Meet ResFields: A Novel AI Approach to Overcome the Limitations of Spatiotemporal Neural Fields in Effectively Modeling Long and Complex Temporal Signals

The most popular neural network architecture for representing neural continuous spatiotemporal fields, also known as neural fields, is the multi-layer perceptron. This is because it can encode continuous signals over arbitrary dimensions, has built-in implicit regularisation, and has a spectral bias that facilitates effective interpolation. Thanks to these exceptional features, MLPs have achieved great success in various applications, including image synthesis, animation, texture creation, and innovative view synthesis. However, collecting fine-grained features and effectively replicating complicated real-world signals are both difficult because of the spectral bias of MLPs, which is the tendency of neural networks to learn functions with low frequencies. 
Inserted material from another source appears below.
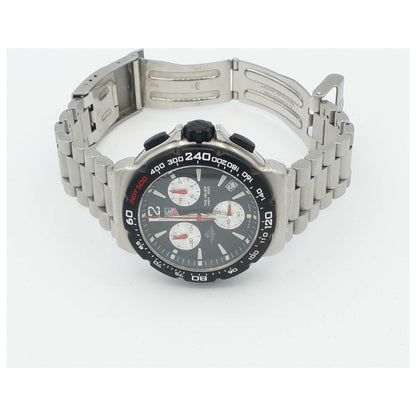Tag Heuer Formula 1 Men's Swiss Quartz (Battery-Powered) Watch CAC111A-BA0850-PO - Image #8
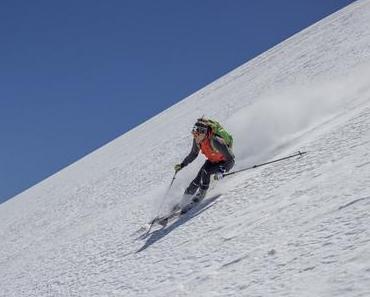 10 Tipps für Skitouren-Anfänger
Positional encoding or unique activation functions have been used in earlier attempts to overcome the spectrum bias. However, capturing fine-grained features is difficult even with these techniques, especially when working with big spatiotemporal data like lengthy films or dynamic 3D sceneries. Increasing the network complexity in terms of the total number of neurons is an easy technique to boost the capacity of MLPs. However, because the time and memory complexity grows about the total number of parameters, such a technique would result in slower inference and optimization and more costly GPU RAM. 

The problem they want to solve in this research is increasing model capacity without compromising the architecture, input encoding, or activation functions of MLP neural fields. At the same time, they want to preserve neural networks’ implicit regularisation property and add to the methods already in use for spectral bias reduction. The fundamental concept is to replace one or more MLP layers with time-dependent layers whose weights are represented as trainable residual parameters Wi(t) added to the pre-existing layer weights Wi. Researchers from ETH Zurich, Microsoft, and the University of Zurich refer to the neural fields created in this manner as ResFields.

Meta-learning MLP weights and maintaining specialized separate parameters is another option, but this requires long training that does not scale to photo-realistic reconstructions. Partitioning the spatiotemporal field and fitting different/local neural areas is the most common method for boosting modeling capability. However, these techniques impede global reasoning and generalization because of local gradient changes to grid structures, which are crucial for radiance field reconstruction from sparse views. This method of increasing model capacity has three main benefits. 

First, the inference and training speed are maintained since the underlying MLP does not widen. This characteristic is essential for most real-world downstream neural field applications, such as NeRF, which aims to address inverse volume rendering by repeatedly querying neural fields. Second, unlike other approaches that emphasize spatial partitioning, this modeling maintains the implicit regularisation and generalization capabilities of MLPs. Last, ResFields are adaptable, simple to expand, and work with most MLP-based algorithms for spatiotemporal data. However, because so many trainable parameters aren’t limited, the simple implementation of ResFields can result in diminished interpolation qualities. 

They suggest implementing the residual parameters as a global low-rank spanning set and a set of time-dependent coefficients, drawing inspiration from well-studied low-rank factorized layers. This modeling improves the generalization qualities and significantly minimizes the memory footprint brought on by storing extra network parameters. 

Their main contributions are, in brief, as follows: 

• They introduce ResFields, an architecture-independent building component for modeling spatiotemporal fields. 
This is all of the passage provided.